Time is beginning to stick to the curtains. Beyond them, hidden, are the flowers of the apricot tree. A black claw reaches into my stomach and squeezes me from inside. If this doesn’t stop, I know what I have to do, I tell myself. It doesn’t make me sad. It’s not revenge. I think that I should prepare my mother, my father, Anita. But how?

So, how did it come to this? I tell myself: I have to go back to my mother. I must. My mother: smart, ugly, but well shaped, good breasts, good legs. I’ve told myself this story before. A woman who works in Radiology at the Salvador Hospital feels that her face doesn’t belong to her, she’s insecure about her looks — but not about her intelligence. She wins the love of a tall, muscular, beautiful man. He’s a talented tennis player but not, of course, a professional. He’s a businessman. He works with his father in a small workshop in the neighborhood of Carrascal. He buys tree trunks in the south, brings them by train to Santiago, and makes them into boards, planks, and panels. For doors and windows, for floors. That’s what my father makes and sells: doors and windows.

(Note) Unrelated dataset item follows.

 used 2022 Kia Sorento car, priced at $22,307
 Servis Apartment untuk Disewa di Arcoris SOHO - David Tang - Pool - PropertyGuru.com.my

Now it strikes me as a poetic trade, but not back then. The best wood is rauli beech or holm oak. Sometimes he’s contracted for a walnut door. His father still gets to the yard at six in the morning and is annoyed if his son — who must be over forty by now — isn’t there yet. My grandfather is Catalan. He’s the one who taught my father all the tricks. My father told them to me. How to use the spray gun to lacquer pine particleboard; how to work the table saw and the circular saw; how to add a hundred years to a young rauli or roble beech by darkening it with cedar extract so it passes for a strong, ancient beech; how to kill the yellow spots on chestnut by rubbing them with a soft bitumen-soaked cloth, so you can sell it as oak, which has such a similar grain; how to disguise a knot, which mordant to use, which aniline (if one is disposed to use aniline), how to get rid of the pores using a rag soaked in alcohol, powdered pumice stone, and a few drops of varnish; how to apply — just the way foreman Vicente shows him — a very thin layer of shellac, and then sand it and apply another coat, so the wood gradually takes on, layer upon layer, as the fumes evaporate, that singular caramel tone of a real lacquer. Master Vicente knows how to keep varnish from getting that fatal roughness that looks like an orange peel. He taught my father to do battle with those gray spots that form, using benzoin mixed with oil and, afterward, polishing it with the palm of the hand covered with a mixture of Venetian tripoli, water, sulfuric acid, Vaseline, turpentine, and alcohol. You have to smell the wood, my grandfather tells him, you have to touch it, love and taste it. It’s the only way the wood will give itself over to you. The finest varnish contained lacquer, sandarac, and white elemi. What his father absolutely never taught him, but Vicente did, was how to make a good “prison rotgut” by mixing tea and lemon with the alcohol for dissolving shellac. The first time my father got drunk it was in the workshop on that cocktail of Vicente’s.